I am writing a some text into file using the FileWriter object. I am specifying that I want the output to be in UTF-8,but when i open the text file and go to save as , I see that it is in ANSI encoding.

I want to also add that when there are characters other than the standard ascii charset (eg:- japansese character) the file encoding is UTF-8, but without then text file encoding is ANSI.

File json_file= new File(path);
FileWriter json_file_output=newFileWriter(json_file,StandardCharsets.UTF_8);
json_file_output.write("SOME JSON TEXT HERE");
json_file_output.flush();

I am not sure whether it is due to java code or notepad.

Thank you for the help.

SuperAadi
  • 627
  • 1
  • 6
  • 15
  • 5
    The text `SOME JSON TEXT HERE` is encoded identical in both UTF-8 and ASCII. Show us your *real* input and the result. –  Aug 11 '19 at 06:58
  • Does notepad auto detect the encoding? – SuperAadi Aug 11 '19 at 07:02
  • I think it is your notepad issue (Maybe it is default to ASCII code). I ran the code with non-ascii (`x√ab c`) characters and the file was written correctly. – Yoshikage Kira Aug 11 '19 at 07:04
  • I know it will write all characters correctly ,but with just ascii characters in the output and when I see 'save as' the encoding is ANSI ,eventhough I specified the output to be in Unicode. – SuperAadi Aug 11 '19 at 07:07
  • 5
    That's just the behaviour of Notepad. You *are* writing out UTF-8. Try writing out text with non-ASCII characters and you'll see that. Every file which only contains ASCII characters is the same whether encoded in ASCII or UTF-8. – Jon Skeet Aug 11 '19 at 07:09

1 Answers1

3

Unicode is superset of US-ASCII character set,
UTF-8 is superset of 8-bit US-ASCII character encoding

There is no such thing as ANSI encoding. See What is ANSI format?.

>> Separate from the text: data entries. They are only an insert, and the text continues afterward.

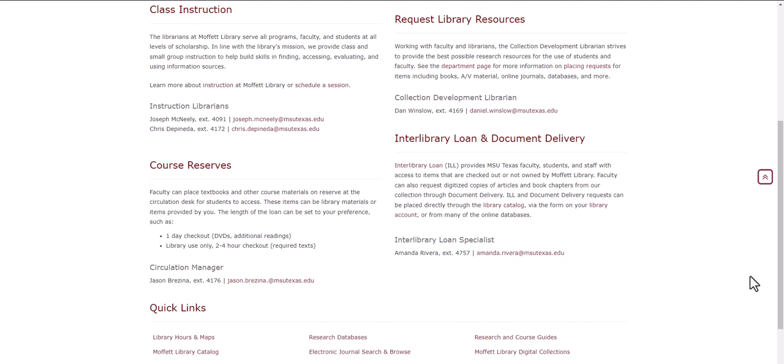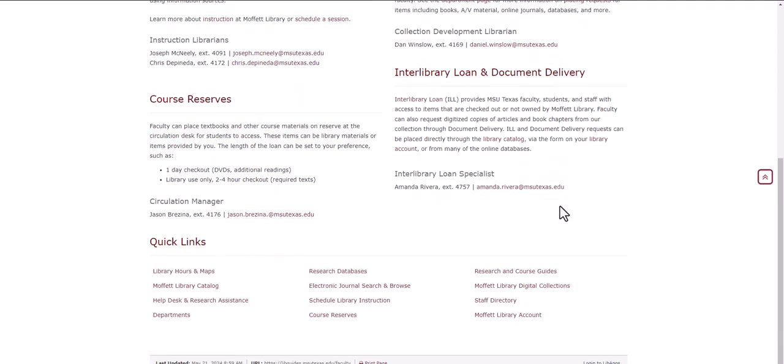You can learn about Interlibrary Loans, a terrific service that allows us to get resources from other libraries. And at the very bottom of the page, there are quick links to other important information and services that the library offers.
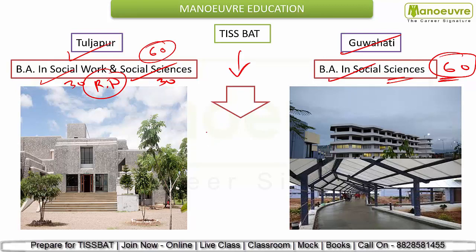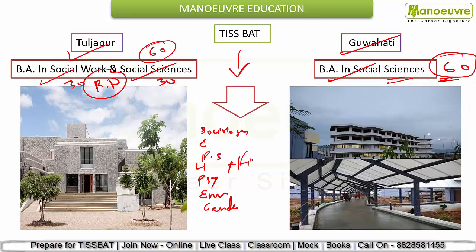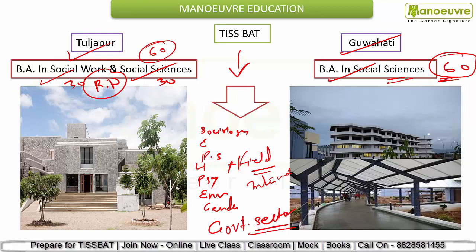After cracking TISSBAT, you'll be familiar with subjects like sociology, economics, political science, history, psychology, environmental development, and gender studies. You'll also have dedicated fieldwork and internships. By pursuing these courses you can become a social worker, civil service officer, charity officer, community development officer, or equality and diversity officer — working in government sectors.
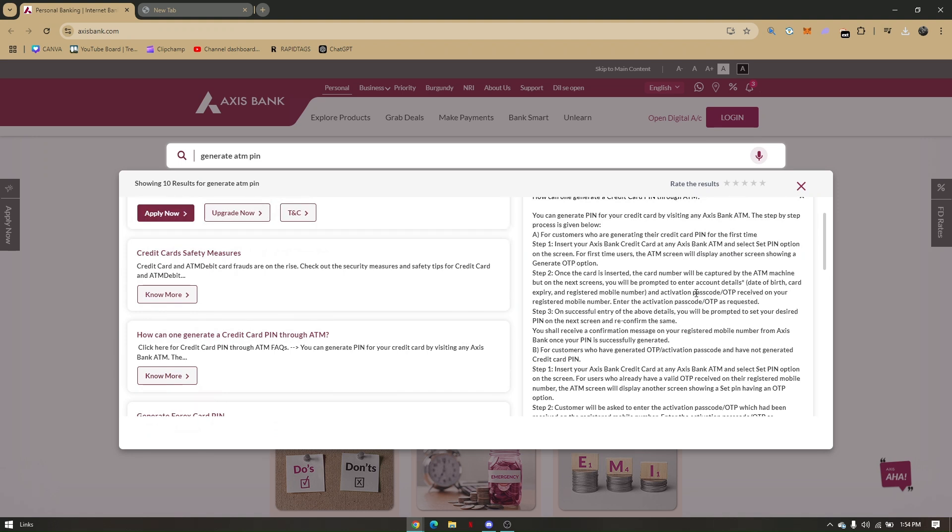You will be prompted to enter account details such as your date of birth, the expiration date of the card, and your registered mobile number.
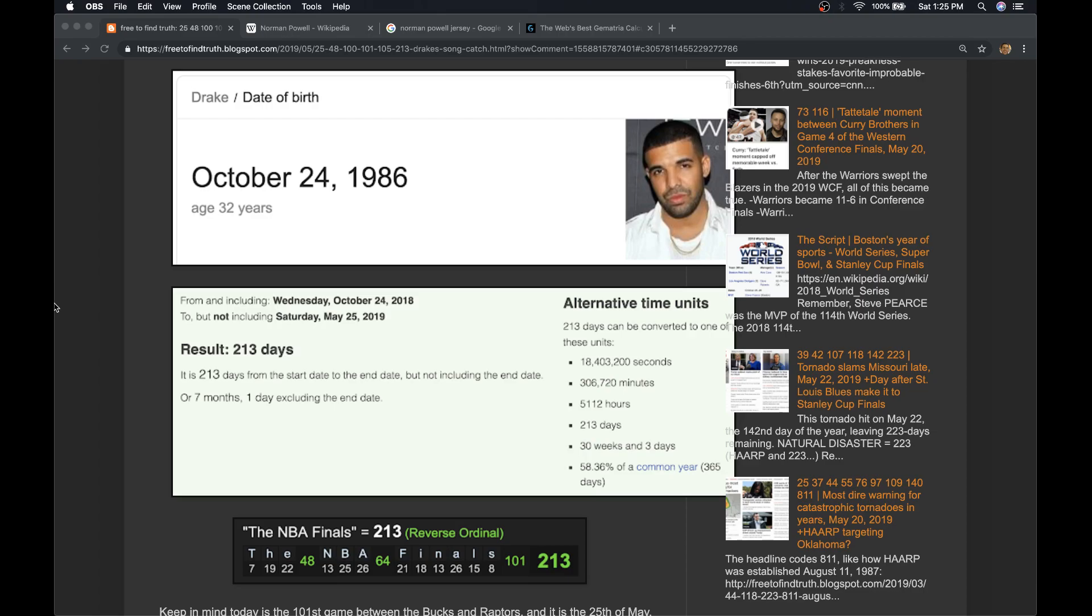He calls Toronto the six, and they have a chance to advance to the finals in game six. Today is 213 days after his birthday. The NBA Finals is 2-1-3. It's also seven months and one day.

Likely what is meant is US-ASCII. And every 8-bit US-ASCII file is also a UTF-8 file. Unicode is a superset of US-ASCII. When written out using octets, ASCII files are UTF-8 files. UTF-8 encoding was designed this way on purpose, to be compatible.

US-ASCII is a 7-bit character set, having only 128 characters, numbered 0-127. So if written using octets (8-bits), the first bit of every octet is a zero. See the Wikipedia page on UTF-8 encoding, and notice the role played by the first bit.

No file meta-data

Understand that both US-ASCII files and UTF-8 files (without a BOM) are just a bunch of bits, with no meta-data. The computer industry never managed to establish a standard for file system meta-data, unfortunately. So an app has to guess the content’s content, or the user must indicate the expected format.

Your text editor is likely looking at the domain of characters found in your file, and then trying to be helpfully conservative in labeling the file using the smallest-scope encoding possible. If only US-ASCII characters, then label as US-ASCII (and apparently misreport as “ANSI”). As soon as you add higher-numbered characters with a code point beyond that of ASCII, then label as UTF-8.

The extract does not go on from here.